- Location within New York City
- Coordinates: 40°49′35″N 73°52′02″W﻿ / ﻿40.8264°N 73.8672°W
- Country: United States
- State: New York
- City: New York City
- Borough: Bronx
- ZIP codes: 10472
- Area codes: 718, 347, 929, and 917

= Sotomayor Houses =

Public housing development in the Bronx, New York

The Justice Sonia Sotomayor Houses and Community Center is a housing project in Soundview, The Bronx, New York City. Formerly known as the Bronxdale Houses, the project was renamed in honor of Supreme Court Justice Sonia Sotomayor, who had spent part of her childhood in the development, in June 2010. The complex opened in January 1955. The 28-building complex contains nearly 1,500 apartments. It was designed by architects Leon and Lionel Levy. The 30.77-acre development is bordered by Bruckner Boulevard and Watson, Soundview and Leland Avenues. The former Bronxdale Houses also played a role in the early development of hip hop, particularly through resident Disco King Mario.

== History ==

The New York City Housing Authority developed the Bronxdale Houses on previously vacant land as a federally funded public housing project. In December 1951, NYCHA awarded a $7.587 million construction contract for the development. Designed by architects Leon and Lionel Levy, with landscaping by Clara Coffey and W. S. Cooper, the development was completed on January 31, 1955. Early residents were predominantly working-class families, including many World War II veterans.

By the 1960s, Bronxdale Houses had a racially and ethnically diverse population; New York City Housing Authority records from the period indicated that about half of the development's residents were white, approximately 30 percent were Black and 20 percent were Puerto Rican. Residents who grew up there during the period recalled the development as well maintained and relatively safe, although its population changed as many white families left South Bronx public housing during the early 1960s. The Black Spades originated at Bronxdale Houses in 1968, when a group of local teenagers organized in and around the development before expanding into one of the Bronx's largest street organizations during the early 1970s.

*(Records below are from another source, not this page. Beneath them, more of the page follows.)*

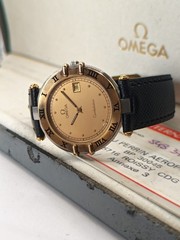 Omega Constellation Manhattan Ref 196.0360.1 18k bezel Cal 1379 Box Papers 1996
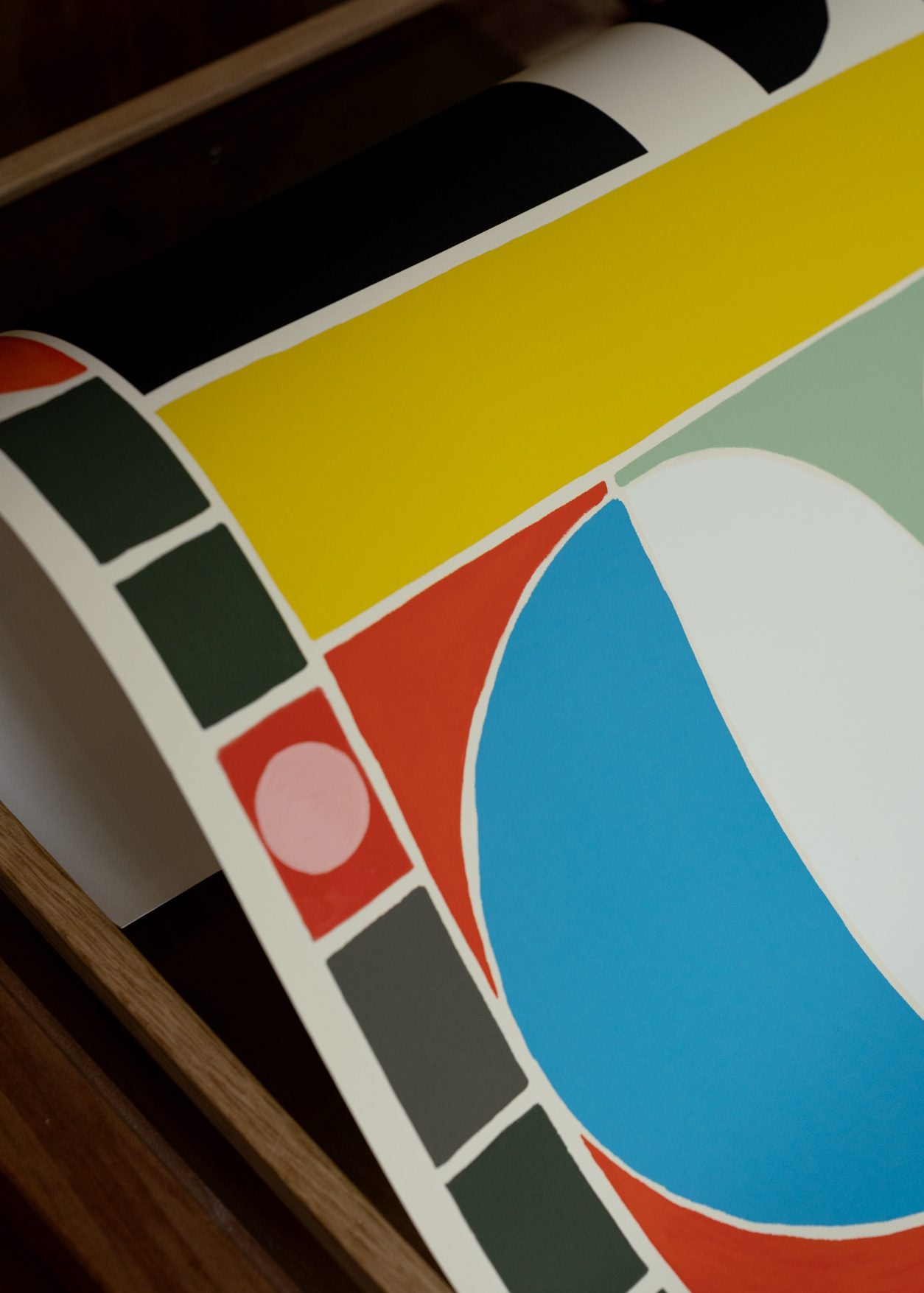 The Poster Club Palette Poster 30x40 cm Geometrisch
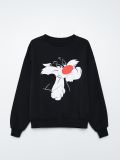 Bluza Looney Tunes - czarny - CROPP - small4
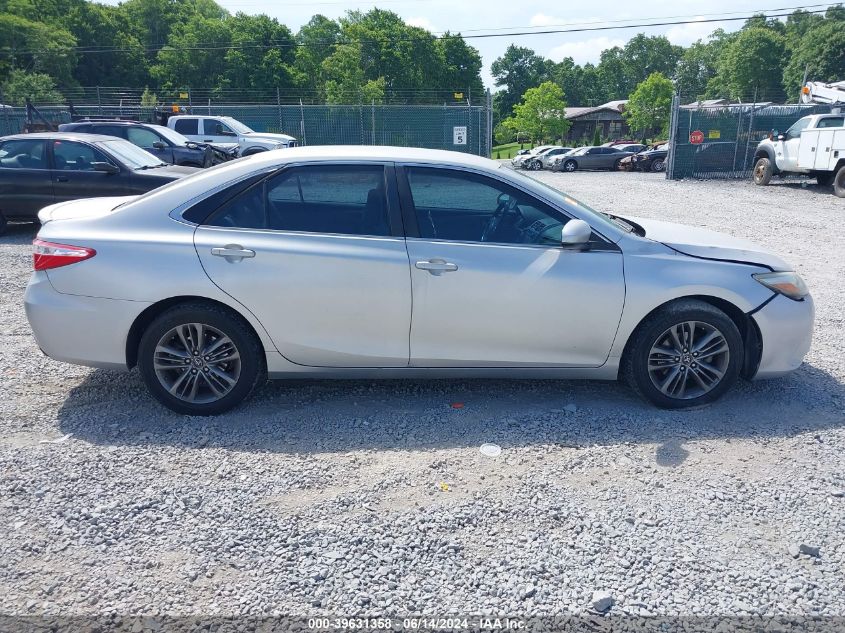 2016 Toyota Camry Se VIN: 4T1BF1FK0GU194906 Lot: 39631358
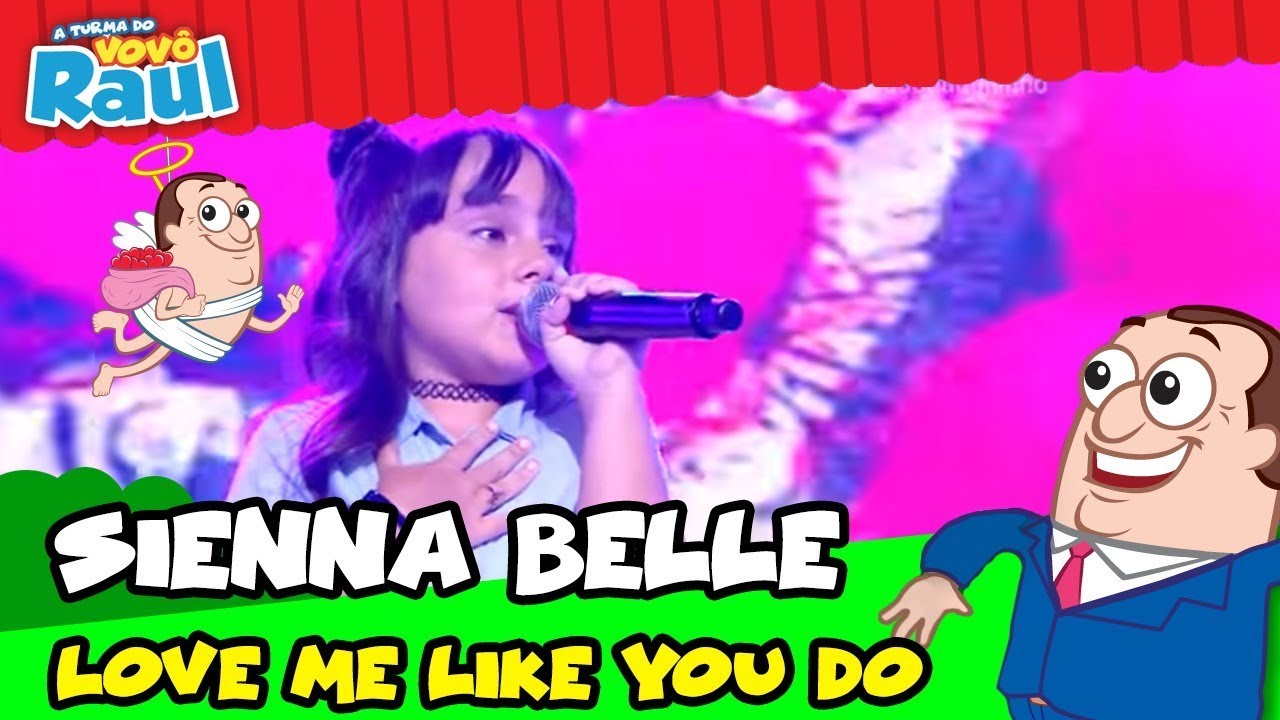 SIENNA BELLE - LOVE ME LIKE YOU DO (Ellie Goulding) - Programa Raul Gil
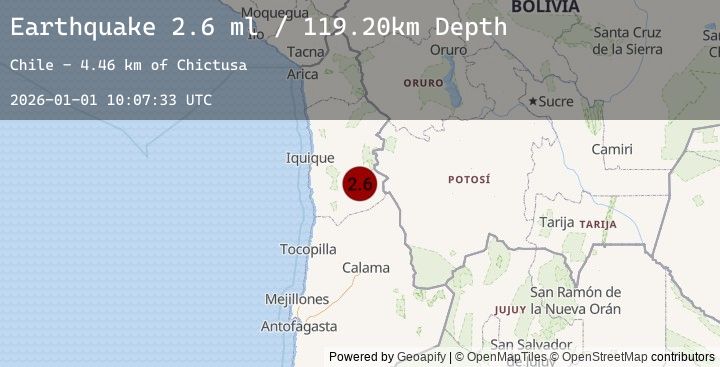 Map of TARAPACA, CHILE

Entering the early 1970s, Bronxdale Houses was experiencing significant crime and security problems; a preliminary victimization survey found that the development's overall crime rate was much higher than the New York City average. In 1972, NYCHA invited architect Oscar Newman to redesign the grounds of Bronxdale Houses using principles from his theory of defensible space, which sought to improve security by modifying the physical environment to encourage surveillance and a greater sense of territorial responsibility among residents. The development subsequently became the site of an experimental electronic-surveillance program in which closed-circuit television cameras were installed in the lobbies and elevators of three buildings. Images from the cameras were transmitted on a split screen to a channel on residents' television sets, allowing tenants to monitor common areas and report suspicious activity to Housing Authority police. The broader security plan also proposed surveillance of exterior grounds, intercom systems and other modifications intended to increase resident oversight of public spaces. A 1978 evaluation of the program found that the surveillance system did not reduce crime or residents' fear of crime and reported that the equipment was frequently subjected to vandalism.

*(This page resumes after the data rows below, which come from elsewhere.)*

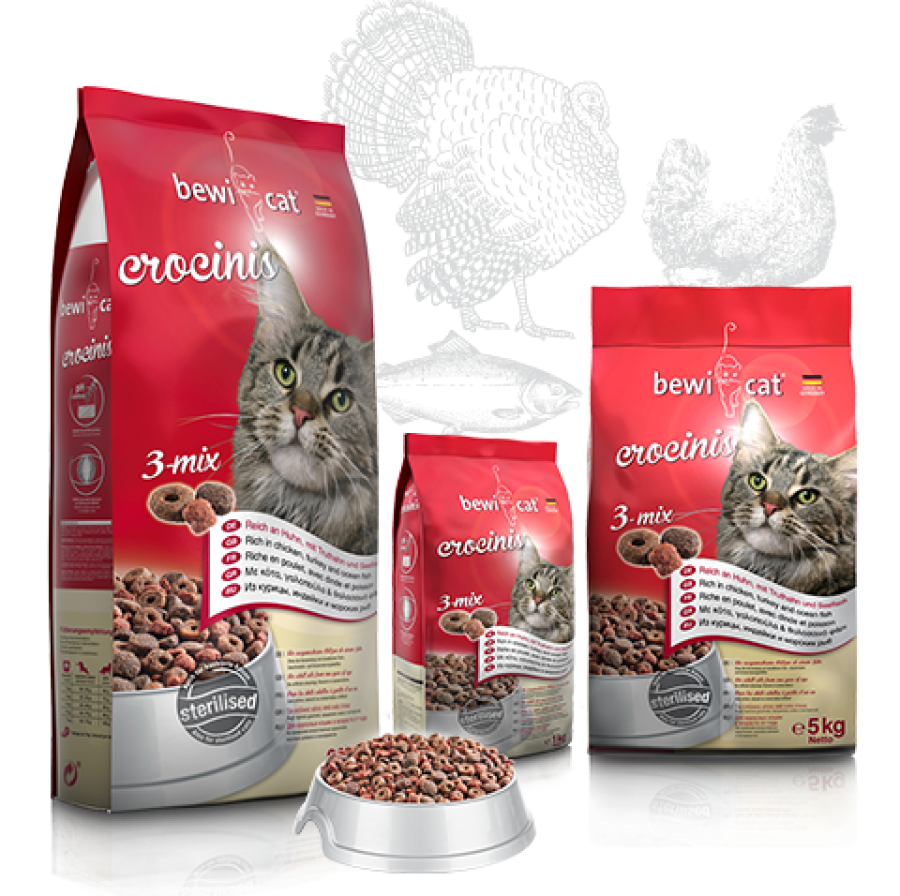 BEWI-CAT Crocinis (20 кг) для взрослых кошек - фото2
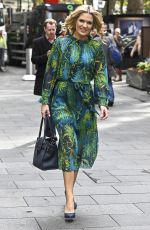 CHARLOTTE HAWKINS Arrives at Classic FM Breakfast Show in London 09/30/2022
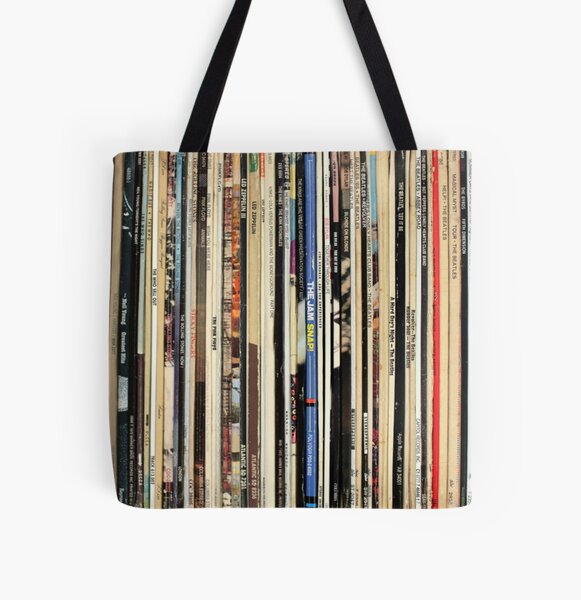 vinyl record tote bag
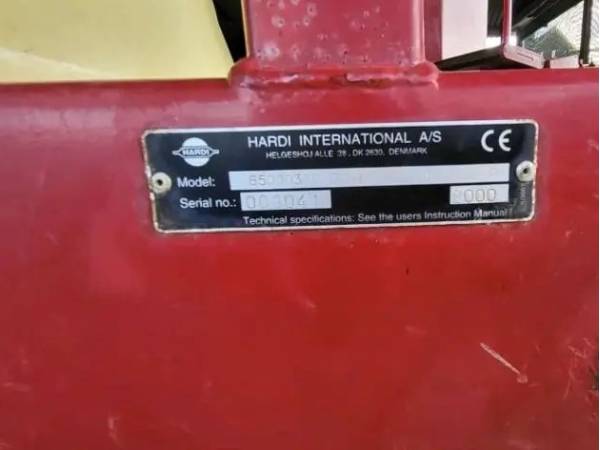 Причіпний обприскувач Hardi Commander 2800 (2020)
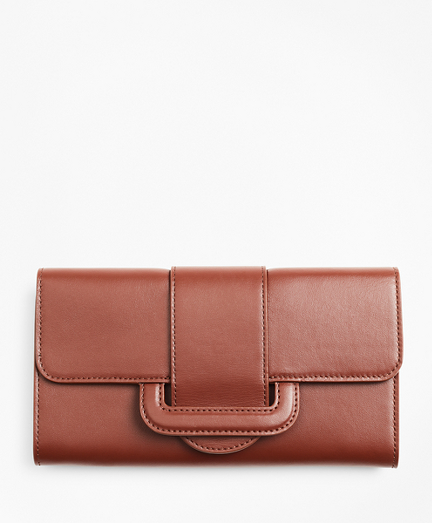 women's flap wallet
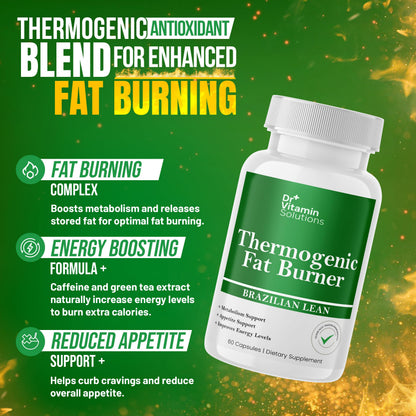 DR VITAMIN SOLUTIONS Thermogenic Fat Burner – Brazilian Lean (60 Capsules)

Bronxdale Houses also became an important site in the developing Bronx hip-hop scene during the early 1970s. Resident Disco King Mario held some of hip-hop's early neighborhood jams with his Chuck Chuck City crew. Mario and Afrika Bambaataa were members of the Black Spades, and Mario provided equipment for some of Bambaataa's early DJ performances.

On May 20, 2010, the NYCHA Board approved the renaming of the Bronxdale Houses and its community center in honor of Sonia Sotomayor, who lived in the development from 1957 to 1969 and became the first Hispanic justice of the Supreme Court of the United States in 2009. The name change followed a petition organized by residents, housing advocates and Bronx elected officials. A formal renaming ceremony was held on June 4, 2010, when the development became the Justice Sonia Sotomayor Houses and Community Center. It was the first NYCHA development to be named for a living former resident.

== Notable people ==

- Andre Harrell (1960-2020), rapper and music executive
- Sonia Sotomayor (born 1954), Supreme Court Justice.
- Disco King Mario (1956-1994), DJ and hip-hop pioneer
- Bruse Wane, rapper and music executive
- Mitch "Blood" Green (born 1957), four time New York Golden Gloves champion and former heavyweight boxer
- Drag-On (born 1980), rapper and member of Ruff Ryders
- Aaron "Superman" Davis (born 1967), former professional boxer and WBA welterweight champion
- Treston Irby (born 1973), member of R&B group Hi-Five.